映画「ふたつの時、ふたりの時間」 監督:ツァイ・ミンリャン
2012年02月15日 公開



遠心力と、わずかな求心力。
お互いが反発しあうんじゃなく、何か外部からの大きな力で離されてしまう、例えば遠心力的な作用。一方、お互いがすすんで求め合うんじゃなく、何か外部からの力で背中を押されるようにして前に進み合い、結果、ある場所で出会う、いわば求心力的な作用。
亭主が死んで、その悲しみを すなおに同居の一人息子に向けられず、他にも振れず、自分の中にしまい込もうとする母親。そんな母親を受け止めようとしない息子。同じ家に住んでいるのに、母と息子の距離は、おそろしく遠い。家族の絆に遠心力が作用する台北。

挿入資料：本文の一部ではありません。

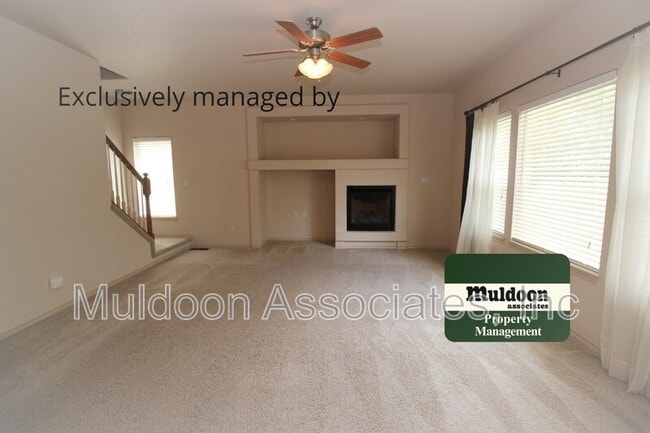 Building Photo - 5637 Cross Creek Dr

最小限の略式葬儀。一人息子のシャオカン(リー・カンション)はひとりで葬儀儀礼を済ませたところから映画は始まる。そこに母親の姿は、なぜかない。御骨が家に着いてから母親が登場し息子と食事をしている。位牌に母親は亭主分の食事を置いて拝んでいる。数日後か? 初七日なのだろう、道教の坊主が家に来て位牌の前で儀式を執り行う。母と息子がそれを見守っている。
この頃から母親の精神状態が危なっかしくなって来る。亭主の霊が来ている、亭主が輪廻転生で生まれ変わり水槽の魚になってここにいる、「部屋の明りがまぶしすぎる」と言っているから家の明りをすべて消すなど、母親のあまりの変化にシャオカンは 「狂ってる!」
シャオカンは台北の街の路上で細々と腕時計を売っている。

彼女はその後、いくつか店を見て回ったのだろうか、気に入った時計が見つからない。シャオカンに電話して売ってもらえることになった。翌日、店に来たシアンチーにシャオカンは約束どおり売った。

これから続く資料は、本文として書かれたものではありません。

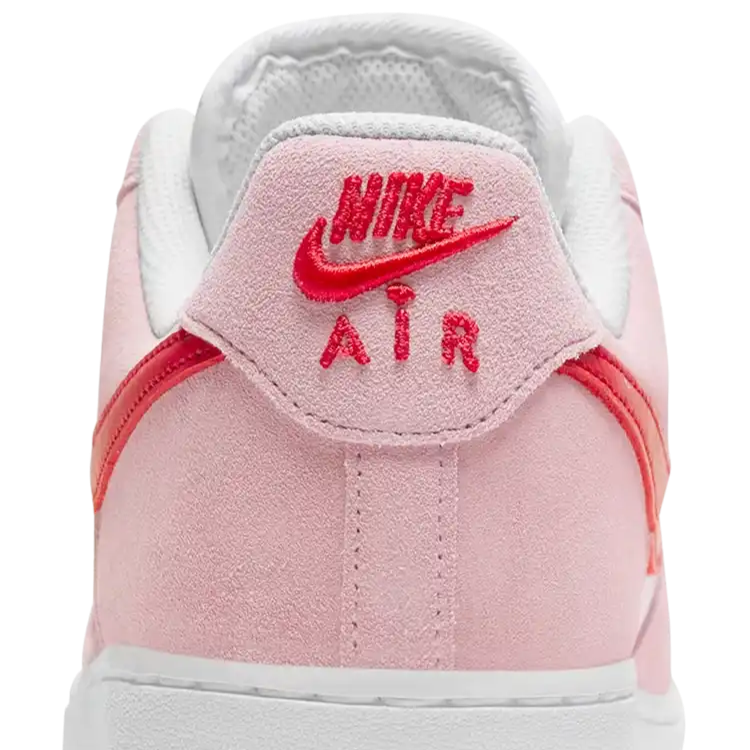 Tênis Rosa Dia dos Namorados Nike Air Force 1 Low Valentine’s Day Love Letter Parte Traseira em Detalhes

パリに着いたシアンチー。観光だと言っているがホテルに閉じこもりがち。近くの雑貨屋でバナナや菓子を買い込みベッドの上で食べている。台北から離れたかったわけは、分からない。体調が崩れてくるし、精神的にもつらそう。だが帰国しようとは思わない。ある日、何か紙切れを探してあちこち手探るが見つからない。たぶんシャオカンの連絡先を書いたメモだろうか。

一方、台北のシャオカンは、なにやら奇行に走っている。
家で夜中、売り物の腕時計を全部パリ時間に合わせている。昼はよその時計屋の店先でも同じ事を始める。映画館のロビーの壁にある時計を盗み、映画館の席でパリ時間に合わせている。家に帰って映画「大人は判ってくれない」のビデオを見た。
台北から遠くへ、なぜか離れていかねばならなかったシアンチー。希望が無い台北の日常から脱したいがためにシャオカンがたまたま試したパリへの時間軸移動妄想。
それは、すれ違った程度のお互いが離れて行きながらも、一方はっきりした意志もあてもない、いわば微力で無機的な求心力。恋愛というには、ほど遠過ぎる。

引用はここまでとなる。